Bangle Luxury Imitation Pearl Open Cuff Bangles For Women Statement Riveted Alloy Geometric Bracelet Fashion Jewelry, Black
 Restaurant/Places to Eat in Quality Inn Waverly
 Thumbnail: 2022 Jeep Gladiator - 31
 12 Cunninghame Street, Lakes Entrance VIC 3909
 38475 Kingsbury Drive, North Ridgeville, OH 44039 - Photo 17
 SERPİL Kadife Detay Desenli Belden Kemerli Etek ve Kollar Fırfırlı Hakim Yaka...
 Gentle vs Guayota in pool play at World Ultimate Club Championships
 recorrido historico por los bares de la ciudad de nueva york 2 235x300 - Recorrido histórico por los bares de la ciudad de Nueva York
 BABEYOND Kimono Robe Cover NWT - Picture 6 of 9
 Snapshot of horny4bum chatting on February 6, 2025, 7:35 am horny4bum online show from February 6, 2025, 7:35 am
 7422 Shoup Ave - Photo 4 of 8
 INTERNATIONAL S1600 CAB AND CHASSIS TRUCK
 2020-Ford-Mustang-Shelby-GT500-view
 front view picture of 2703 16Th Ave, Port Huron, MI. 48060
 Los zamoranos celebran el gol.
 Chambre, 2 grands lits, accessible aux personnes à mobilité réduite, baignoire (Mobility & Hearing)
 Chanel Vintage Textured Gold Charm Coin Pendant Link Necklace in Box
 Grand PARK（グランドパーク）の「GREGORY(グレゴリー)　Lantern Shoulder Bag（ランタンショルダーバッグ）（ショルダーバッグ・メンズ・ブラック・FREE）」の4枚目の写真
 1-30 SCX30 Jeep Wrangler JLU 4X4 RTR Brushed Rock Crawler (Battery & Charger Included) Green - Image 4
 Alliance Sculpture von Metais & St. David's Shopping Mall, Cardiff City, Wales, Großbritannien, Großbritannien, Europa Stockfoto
====
◆ Work to complete:
In full and word for word, output the material.

◆ Task response:
Bangle Luxury Imitation Pearl Open Cuff Bangles For Women Statement Riveted Alloy Geometric Bracelet Fashion Jewelry, Black
 Restaurant/Places to Eat in Quality Inn Waverly
 Thumbnail: 2022 Jeep Gladiator - 31
 12 Cunninghame Street, Lakes Entrance VIC 3909
 38475 Kingsbury Drive, North Ridgeville, OH 44039 - Photo 17
 SERPİL Kadife Detay Desenli Belden Kemerli Etek ve Kollar Fırfırlı Hakim Yaka...
 Gentle vs Guayota in pool play at World Ultimate Club Championships
 recorrido historico por los bares de la ciudad de nueva york 2 235x300 - Recorrido histórico por los bares de la ciudad de Nueva York
 BABEYOND Kimono Robe Cover NWT - Picture 6 of 9
 Snapshot of horny4bum chatting on February 6, 2025, 7:35 am horny4bum online show from February 6, 2025, 7:35 am
 7422 Shoup Ave - Photo 4 of 8
 INTERNATIONAL S1600 CAB AND CHASSIS TRUCK
 2020-Ford-Mustang-Shelby-GT500-view
 front view picture of 2703 16Th Ave, Port Huron, MI. 48060
 Los zamoranos celebran el gol.
 Chambre, 2 grands lits, accessible aux personnes à mobilité réduite, baignoire (Mobility & Hearing)
 Chanel Vintage Textured Gold Charm Coin Pendant Link Necklace in Box
 Grand PARK（グランドパーク）の「GREGORY(グレゴリー)　Lantern Shoulder Bag（ランタンショルダーバッグ）（ショルダーバッグ・メンズ・ブラック・FREE）」の4枚目の写真
 1-30 SCX30 Jeep Wrangler JLU 4X4 RTR Brushed Rock Crawler (Battery & Charger Included) Green - Image 4
 Alliance Sculpture von Metais & St. David's Shopping Mall, Cardiff City, Wales, Großbritannien, Großbritannien, Europa Stockfoto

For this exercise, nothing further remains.